By Kate McLeod, Senior physio Sept 2014
The term stress fracture is a misnomer as it does not fully represent the nature and diversity of this common injury. A stress fracture is essentially an overuse injury and the terms ‘chronic repetitive stress injury of the bone’ or ‘stress reaction’ better describe the myriad manifestations of this injury. Stress reactions occur most commonly in the bones of the lower limb, particularly the shin and bones of the foot.

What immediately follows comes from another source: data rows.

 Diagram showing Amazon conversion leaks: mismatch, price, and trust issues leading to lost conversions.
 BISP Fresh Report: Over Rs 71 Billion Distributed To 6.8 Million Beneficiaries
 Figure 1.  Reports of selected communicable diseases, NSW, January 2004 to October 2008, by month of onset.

What Causes Stress Fractures
Healthy bones do not fail under a single, normal stress. Cumulative loads however, can have a detrimental effect on bone. Bone is a dynamic structure and is in a constant state of micro damage and repair in order to maintain a balance between the strongest but lightest structure possible. It adapts to intermittent, repetitive compressive and tensile loads by laying down new bone and increasing bone density. During periods of inactivity, the density of the bone decreases, “use it or lose it”. If loads on the bone become abnormally high and or repetitive and it is not given adequate rest to allow for adaptation to these loads, breakdown occurs at a faster rate than repair. The forces contributing to bone stress include both direct impact forces and forces generated by the “pull” of ligaments and tendons on the bone. Forces which tend to ‘pull’ on the bone are more dangerous to bone failure and injury than compressive forces.
The initial injury produced by repetitive load affects the bone matrix. This stage can be hard to measure or detect clinically and the areas of damage are quite small and widespread and not visible on xray, although bone scans and MRI are able to detect increased metabolic activity in the area. As the grade of stress injury increases, the bone reacts in a similar way to fatigue fractures of other materials and an actual fracture line can be demonstrated on x-ray and MRI.

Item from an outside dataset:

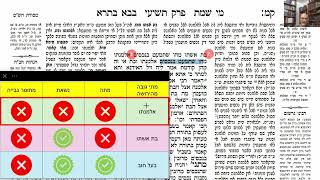 דף יומי מסכת בבא בתרא דף קמ Daf yomi Masechet Bava Batra page 140  ע"י יוני גוטמן (שיעורי הדף היומי ב-20 דקות - מועבר ע"י ר' יוני גוטמן - לעילוי נשמת אביו ר' אלימלך צבי (צביקה) גוטמן ז"ל) - התמונה מוצגת ישירות מתוך אתר האינטרנט יוטיוב. זכויות היוצרים בתמונה שייכות ליוצרה. קישור קרדיט למקור התוכן נמצא בתוך דף הסרטון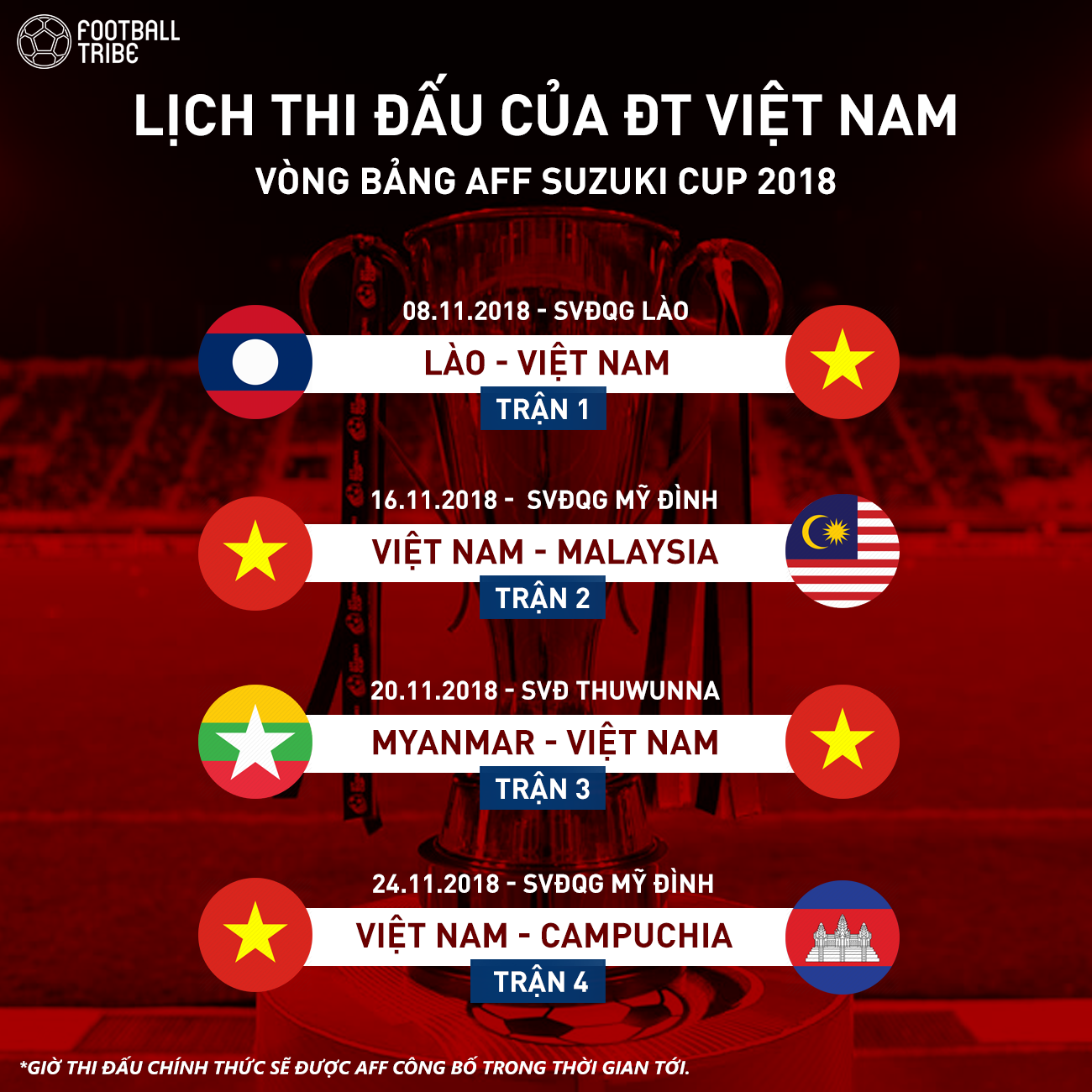 Thể thao -   VOV Sẽ phát trực tiếp AFF Cup 2018 trên VOV2, VOVGT, VOV.VN, VTC3, VTCnews (Hình 2).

Training errors are the most common cause of excessive load in bone stress injuries. Loading too much, too often, too soon and too hard overloads the bone before it can react to the stress by reinforcing itself through new bone growth and increased density. Other factors that can predispose the bone to stress injuries are muscle fatigue, foot type, shoe selection, hard surfaces, osteopaenia, bone disorders and hormonal imbalances.

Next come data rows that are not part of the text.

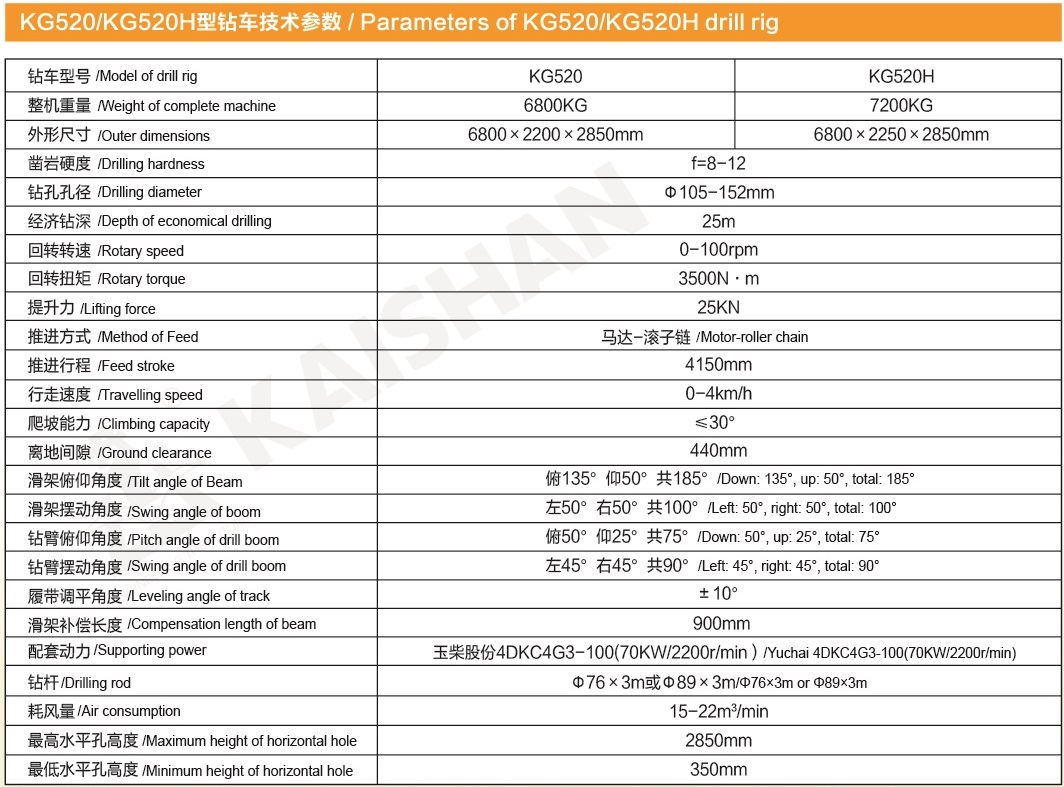 KG520參數(shù).jpg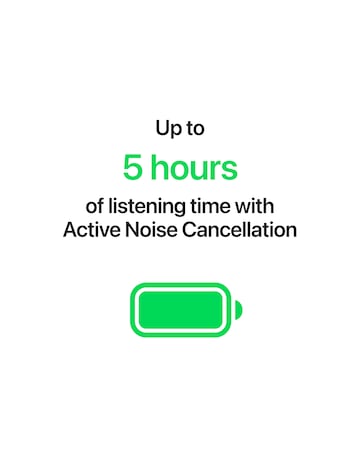 Apple AirPods 5 with Wireless Charging Case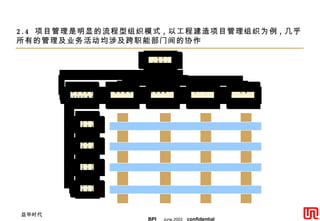 2.4  项目管理是明显的流程型组织模式 , 以工程建造项目管理组织为例 , 几乎所有的管理及业务活动均涉及跨职能部门间的协作 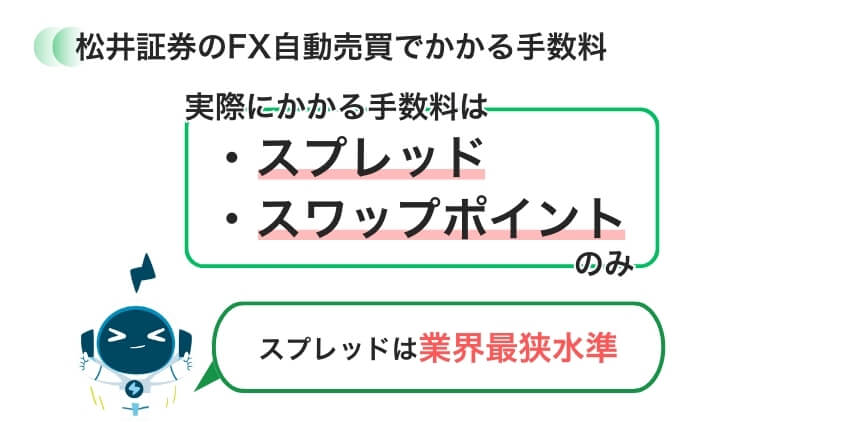 松井証券のFX自動売買でかかる手数料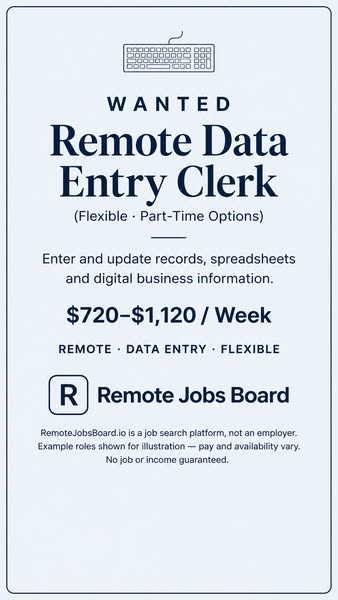 Find Remote Jobs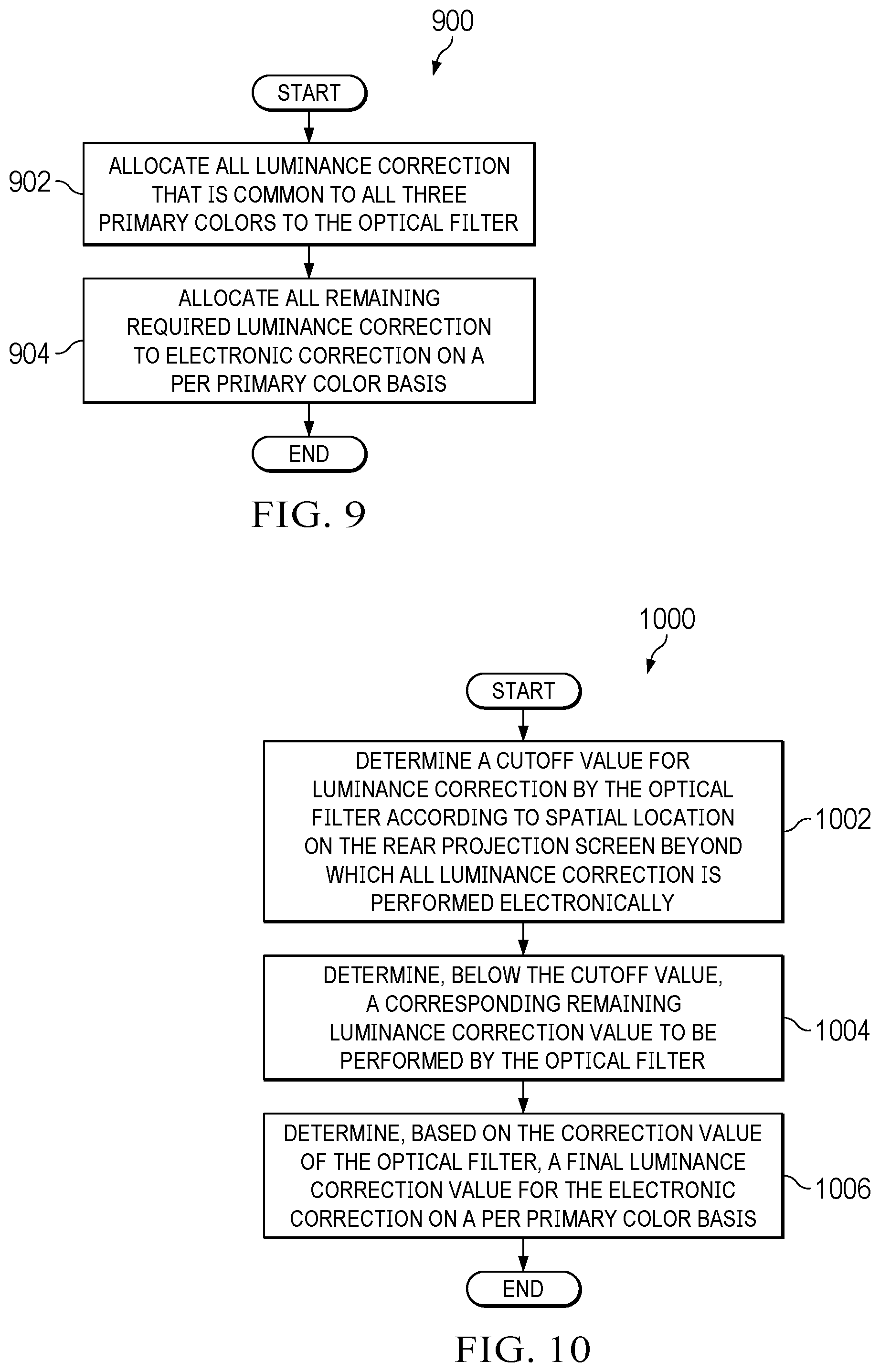 Patent US12317008 Figure 9 – Simulation display system, spatial image luminance uniformity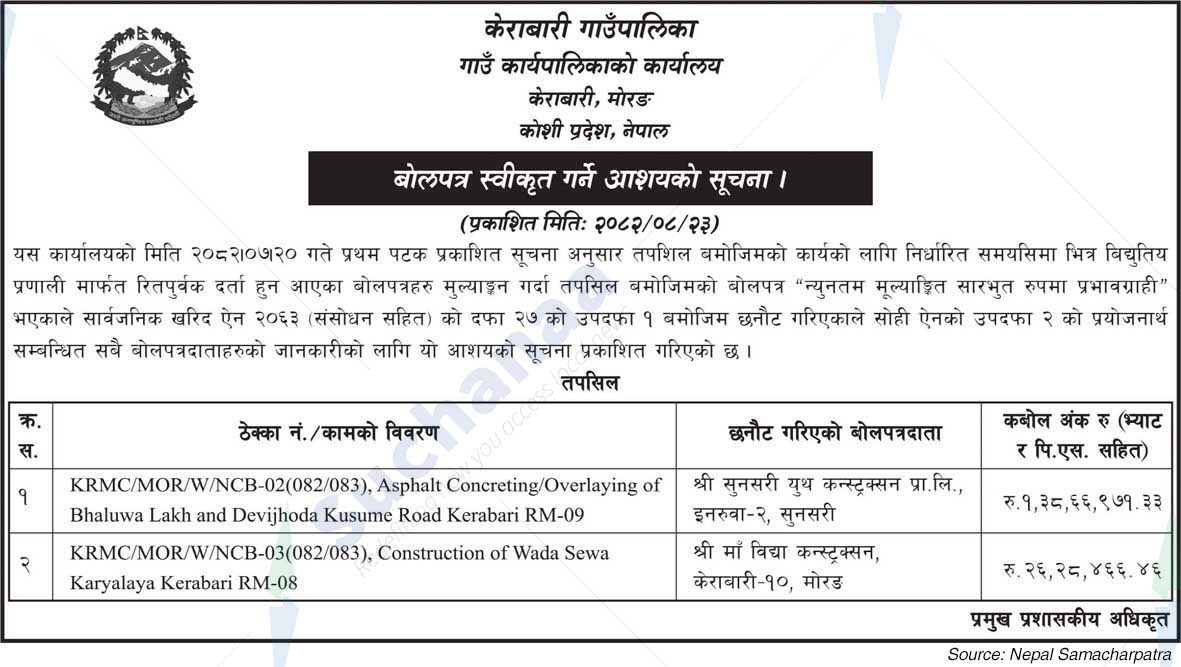 Kerabari Rural Municipality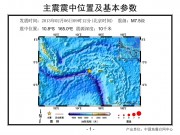 2013年02月06日圣克鲁斯群岛 M7.5级地震图集_幻灯片4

Stress reactions often start with an acute onset of pain during or after physical activity. There is often a focal area of tenderness over the area and localised swelling. The pain worsens with increased loading. The diagnosis is most commonly made through clinical assessment, but imaging can help grade the more severe injuries.
Management and treatment of bone stress reactions involves 
offloading the area in walker boot (with or without crutches) for up to 6 weeks depending on the severity of the injury. Low load cross- training is important to maintain the other areas of the body while the bone heals.
An important part of the physiotherapy management of these is injuries is to determine the biomechanics and muscle imbalances that are driving the abnormal loading patterns through the bone so that the injury does not reoccur. Answering the question “what is loading the bone and why?” is an important component of successful recovery from a bone stress injury. An individualised rehab program that targets the specific issues in the body can be implemented in the 6 weeks that the bone is being off-loaded.
Due to the dynamic nature of bone structure and active remodelling that continuously occurs, it is very important to ensure a phased return to activity following adequate healing time. Weaning out of the boot allows the bone time to adapt to loaded tasks after a period of rest.